Representasi yang baik dan sehat juga menjadi salah satu alasan seseorang mempunyai comfort character. Misalnya, ada seseorang yang merupakan closeted bisexual atau biseksual tertutup. Kemudian ia menemukan karakter di serial TV favoritnya yang sedang mengalami hal serupa. Ia akan merasa bahwa dirinya dan permasalahannya direpresentasikan oleh karakter yang ia tonton atau baca, sehingga seolah-olah tercipta ikatan yang membuatnya merasa nyaman tiap ia menonton atau memikirkan karakter tersebut. Ia akan merasa bahwa ia tidak sendirian. Ia akan tahu bahwa di luar sana masih banyak orang yang merasakan hal sama. Fictional characters’ struggles are usually a projection of how the society looks like, anyways.
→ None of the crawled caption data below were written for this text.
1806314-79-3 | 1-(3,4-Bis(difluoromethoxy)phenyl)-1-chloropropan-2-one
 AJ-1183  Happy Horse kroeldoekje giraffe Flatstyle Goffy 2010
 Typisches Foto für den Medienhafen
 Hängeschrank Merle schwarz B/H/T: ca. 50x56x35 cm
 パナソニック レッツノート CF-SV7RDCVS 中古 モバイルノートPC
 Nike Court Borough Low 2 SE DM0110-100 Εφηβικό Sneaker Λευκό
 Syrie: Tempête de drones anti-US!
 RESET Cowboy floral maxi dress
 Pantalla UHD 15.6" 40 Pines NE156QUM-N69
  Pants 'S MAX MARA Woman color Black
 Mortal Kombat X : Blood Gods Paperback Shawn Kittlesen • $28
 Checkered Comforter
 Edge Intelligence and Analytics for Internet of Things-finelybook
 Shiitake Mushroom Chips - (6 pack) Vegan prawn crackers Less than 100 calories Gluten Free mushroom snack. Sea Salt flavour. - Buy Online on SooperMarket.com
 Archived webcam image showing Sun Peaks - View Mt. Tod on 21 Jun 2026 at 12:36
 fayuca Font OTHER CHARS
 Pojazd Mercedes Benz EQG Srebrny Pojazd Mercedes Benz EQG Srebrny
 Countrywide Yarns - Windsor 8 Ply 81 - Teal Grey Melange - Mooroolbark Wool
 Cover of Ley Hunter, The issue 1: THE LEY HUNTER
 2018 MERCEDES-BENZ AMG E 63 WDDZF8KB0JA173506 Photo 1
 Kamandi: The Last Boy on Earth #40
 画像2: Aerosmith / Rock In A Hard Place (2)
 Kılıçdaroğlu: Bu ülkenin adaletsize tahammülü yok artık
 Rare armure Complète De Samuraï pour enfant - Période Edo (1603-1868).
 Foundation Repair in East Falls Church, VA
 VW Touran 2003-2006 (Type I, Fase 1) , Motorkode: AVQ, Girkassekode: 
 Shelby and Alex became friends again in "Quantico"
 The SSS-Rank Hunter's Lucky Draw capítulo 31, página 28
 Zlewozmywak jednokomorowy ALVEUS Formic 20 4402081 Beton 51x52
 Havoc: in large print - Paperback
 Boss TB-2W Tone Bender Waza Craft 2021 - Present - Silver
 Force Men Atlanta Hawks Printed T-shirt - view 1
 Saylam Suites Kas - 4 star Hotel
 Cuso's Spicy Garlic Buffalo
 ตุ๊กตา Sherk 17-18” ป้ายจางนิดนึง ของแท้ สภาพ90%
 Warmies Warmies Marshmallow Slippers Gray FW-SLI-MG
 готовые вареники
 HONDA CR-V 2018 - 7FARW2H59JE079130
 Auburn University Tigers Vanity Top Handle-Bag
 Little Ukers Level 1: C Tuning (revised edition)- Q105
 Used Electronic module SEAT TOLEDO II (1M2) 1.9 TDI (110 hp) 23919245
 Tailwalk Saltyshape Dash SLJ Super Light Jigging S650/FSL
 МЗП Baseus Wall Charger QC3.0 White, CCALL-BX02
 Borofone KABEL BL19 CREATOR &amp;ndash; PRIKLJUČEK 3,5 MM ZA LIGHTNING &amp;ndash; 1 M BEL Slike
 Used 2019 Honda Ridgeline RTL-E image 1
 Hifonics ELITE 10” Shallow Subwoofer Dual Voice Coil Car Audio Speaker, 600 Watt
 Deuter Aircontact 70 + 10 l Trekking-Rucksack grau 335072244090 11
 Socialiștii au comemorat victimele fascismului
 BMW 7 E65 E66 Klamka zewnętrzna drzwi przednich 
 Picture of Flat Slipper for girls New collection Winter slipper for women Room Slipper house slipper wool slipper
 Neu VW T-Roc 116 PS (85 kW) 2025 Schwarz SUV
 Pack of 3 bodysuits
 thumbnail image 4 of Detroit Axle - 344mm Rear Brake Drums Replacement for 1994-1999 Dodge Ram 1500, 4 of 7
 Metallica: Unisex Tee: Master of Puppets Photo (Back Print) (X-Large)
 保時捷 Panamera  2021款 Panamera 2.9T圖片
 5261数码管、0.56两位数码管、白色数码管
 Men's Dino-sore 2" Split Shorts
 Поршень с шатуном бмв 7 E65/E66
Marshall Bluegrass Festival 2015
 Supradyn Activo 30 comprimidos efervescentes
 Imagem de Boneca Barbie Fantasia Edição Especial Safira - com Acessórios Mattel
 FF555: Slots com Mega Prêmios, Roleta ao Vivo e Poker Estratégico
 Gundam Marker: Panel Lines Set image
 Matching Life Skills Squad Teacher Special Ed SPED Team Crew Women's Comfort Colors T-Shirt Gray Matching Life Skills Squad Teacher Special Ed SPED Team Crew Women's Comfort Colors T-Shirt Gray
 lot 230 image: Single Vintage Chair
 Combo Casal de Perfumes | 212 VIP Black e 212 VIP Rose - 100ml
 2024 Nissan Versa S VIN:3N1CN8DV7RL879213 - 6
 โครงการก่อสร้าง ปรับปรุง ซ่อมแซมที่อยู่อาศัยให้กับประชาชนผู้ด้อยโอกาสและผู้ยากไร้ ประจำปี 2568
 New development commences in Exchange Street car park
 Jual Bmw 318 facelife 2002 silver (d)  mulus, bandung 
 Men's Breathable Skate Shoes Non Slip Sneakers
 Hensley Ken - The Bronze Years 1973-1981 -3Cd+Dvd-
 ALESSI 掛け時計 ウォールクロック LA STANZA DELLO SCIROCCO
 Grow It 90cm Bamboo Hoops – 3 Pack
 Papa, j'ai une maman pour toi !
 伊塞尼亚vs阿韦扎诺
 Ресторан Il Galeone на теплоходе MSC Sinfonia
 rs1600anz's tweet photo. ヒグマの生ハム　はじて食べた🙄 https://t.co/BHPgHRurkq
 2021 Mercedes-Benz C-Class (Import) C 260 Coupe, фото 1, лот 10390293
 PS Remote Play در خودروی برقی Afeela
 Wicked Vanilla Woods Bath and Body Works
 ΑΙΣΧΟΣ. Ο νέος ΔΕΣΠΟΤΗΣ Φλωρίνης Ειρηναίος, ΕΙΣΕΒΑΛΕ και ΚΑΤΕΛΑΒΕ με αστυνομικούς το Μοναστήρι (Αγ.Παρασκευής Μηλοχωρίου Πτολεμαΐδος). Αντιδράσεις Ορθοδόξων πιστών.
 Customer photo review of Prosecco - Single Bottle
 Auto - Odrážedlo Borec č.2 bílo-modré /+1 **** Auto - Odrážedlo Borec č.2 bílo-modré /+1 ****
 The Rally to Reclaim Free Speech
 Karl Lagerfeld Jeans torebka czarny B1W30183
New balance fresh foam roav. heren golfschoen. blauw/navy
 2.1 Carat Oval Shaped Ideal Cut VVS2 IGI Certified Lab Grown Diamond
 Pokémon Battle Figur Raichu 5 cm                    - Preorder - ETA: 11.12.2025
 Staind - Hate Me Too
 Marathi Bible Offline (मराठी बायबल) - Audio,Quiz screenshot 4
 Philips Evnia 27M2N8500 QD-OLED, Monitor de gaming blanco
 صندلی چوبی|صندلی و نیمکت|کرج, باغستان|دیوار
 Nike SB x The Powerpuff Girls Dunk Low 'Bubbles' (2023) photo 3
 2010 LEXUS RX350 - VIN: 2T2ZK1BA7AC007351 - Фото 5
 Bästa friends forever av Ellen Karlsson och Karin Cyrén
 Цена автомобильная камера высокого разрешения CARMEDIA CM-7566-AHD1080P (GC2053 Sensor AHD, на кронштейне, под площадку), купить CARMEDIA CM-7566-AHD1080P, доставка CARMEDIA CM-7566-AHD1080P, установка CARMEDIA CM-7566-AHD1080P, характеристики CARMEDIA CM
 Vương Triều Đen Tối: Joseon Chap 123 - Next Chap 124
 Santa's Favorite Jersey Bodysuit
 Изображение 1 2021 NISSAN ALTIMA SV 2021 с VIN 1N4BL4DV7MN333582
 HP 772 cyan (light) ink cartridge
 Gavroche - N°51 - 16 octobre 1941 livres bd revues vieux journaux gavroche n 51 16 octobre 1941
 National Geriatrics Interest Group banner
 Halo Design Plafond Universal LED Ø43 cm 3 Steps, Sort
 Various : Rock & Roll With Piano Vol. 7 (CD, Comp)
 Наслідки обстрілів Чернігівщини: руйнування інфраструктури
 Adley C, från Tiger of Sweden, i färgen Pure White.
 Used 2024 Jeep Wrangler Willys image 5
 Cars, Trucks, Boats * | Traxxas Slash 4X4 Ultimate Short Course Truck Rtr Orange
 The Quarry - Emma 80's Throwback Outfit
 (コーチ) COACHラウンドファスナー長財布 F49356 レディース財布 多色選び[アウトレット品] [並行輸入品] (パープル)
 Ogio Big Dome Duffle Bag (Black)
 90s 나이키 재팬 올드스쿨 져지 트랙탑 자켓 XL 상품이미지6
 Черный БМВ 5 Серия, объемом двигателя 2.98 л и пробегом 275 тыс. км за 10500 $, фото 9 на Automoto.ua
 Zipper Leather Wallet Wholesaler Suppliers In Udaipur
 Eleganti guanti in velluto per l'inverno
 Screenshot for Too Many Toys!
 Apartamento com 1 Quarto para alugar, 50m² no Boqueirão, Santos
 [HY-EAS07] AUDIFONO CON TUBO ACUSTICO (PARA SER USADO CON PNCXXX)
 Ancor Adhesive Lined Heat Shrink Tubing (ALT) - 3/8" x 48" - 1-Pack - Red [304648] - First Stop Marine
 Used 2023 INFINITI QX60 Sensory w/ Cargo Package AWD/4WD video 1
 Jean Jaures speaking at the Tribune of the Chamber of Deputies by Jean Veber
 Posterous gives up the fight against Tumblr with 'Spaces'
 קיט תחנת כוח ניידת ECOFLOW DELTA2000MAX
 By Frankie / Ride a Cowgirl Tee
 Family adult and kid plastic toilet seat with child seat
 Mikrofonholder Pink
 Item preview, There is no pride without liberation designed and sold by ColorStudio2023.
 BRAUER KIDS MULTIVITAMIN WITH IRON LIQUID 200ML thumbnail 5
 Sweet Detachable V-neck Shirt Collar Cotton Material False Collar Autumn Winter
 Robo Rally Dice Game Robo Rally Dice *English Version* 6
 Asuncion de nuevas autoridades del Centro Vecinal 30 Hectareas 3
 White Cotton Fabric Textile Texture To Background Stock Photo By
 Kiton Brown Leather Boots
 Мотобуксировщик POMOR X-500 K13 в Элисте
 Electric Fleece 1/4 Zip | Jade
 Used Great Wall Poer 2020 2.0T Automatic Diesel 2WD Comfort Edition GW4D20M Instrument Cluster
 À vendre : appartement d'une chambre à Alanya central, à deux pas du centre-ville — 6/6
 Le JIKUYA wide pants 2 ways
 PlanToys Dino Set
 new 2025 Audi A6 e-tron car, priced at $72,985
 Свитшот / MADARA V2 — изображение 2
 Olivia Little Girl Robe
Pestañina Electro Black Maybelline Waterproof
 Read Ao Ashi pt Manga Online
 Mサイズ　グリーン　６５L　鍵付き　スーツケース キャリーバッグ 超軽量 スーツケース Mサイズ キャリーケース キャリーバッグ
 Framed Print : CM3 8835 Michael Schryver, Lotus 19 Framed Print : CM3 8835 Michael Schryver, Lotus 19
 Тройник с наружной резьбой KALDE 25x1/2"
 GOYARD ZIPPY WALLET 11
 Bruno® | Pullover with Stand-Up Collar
Surprisingly, comfort character itu nggak selamanya harus karakter protagonis, lho, Ultimafriends. Pernah nggak sih kamu bersikap sangat defensif terhadap sebuah karakter yang notabene adalah seorang villain atau karakter jahat? Sebagai contoh, ternyata nggak sedikit orang di luar sana yang menjadikan Loki, karakter villain dari Marvel Universe yang terkenal dengan kelicikannya, sebagai karakter penghibur mereka. Mungkin Ultimafriends akan bertanya, kenapa? Rupanya, banyak yang menemukan comfort dari Loki karena mereka dapat melihat diri mereka dalam Loki. Misunderstood, unloved, and the good old daddy issues.

Walaupun Loki, Lord of Mischief, hampir selalu memiliki rencana licik, banyak orang yang justru mengaguminya. (Foto: Giphy)

“Oh, so it’s like you’re in love with a person that’s not even real?”

Jangan samakan ketertarikan dengan kenyamanan, ya, Ultimafriends. Sometimes, we relate and connect to a character so much that we wish we were their best friend, just so we could share and ease each other’s burdens. Hal ini menjelaskan mengapa terkadang kita merasakan empati yang begitu dalam terhadap karakter kesayangan kita. Mungkin—subconsciously—itu merupakan sebuah proyeksi dari kehidupan nyata kita, Ultimafriends.

Lalu, mengapa kamu harus memiliki karakter penghiburmu sendiri?

Sederhananya, dengan memiliki karakter penghibur, kamu dapat memiliki seorang karakter yang bisa memberikan rasa nyaman dan aman. Layaknya keluarga atau sahabat, karakter penghibur dapat menjadi ‘tempat pelampiasan’ rasa sedih maupun gundahmu. Walaupun nggak bisa berhubungan dengan mereka secara harfiah, kamu bisa ‘pulang’ ke comfort character-mu dengan menghidupkan kembali momen-momen favoritmu dengan mereka.

That’s the thing with comfort characters; since they can’t really go anywhere, they’ll always be there, ready to welcome you home.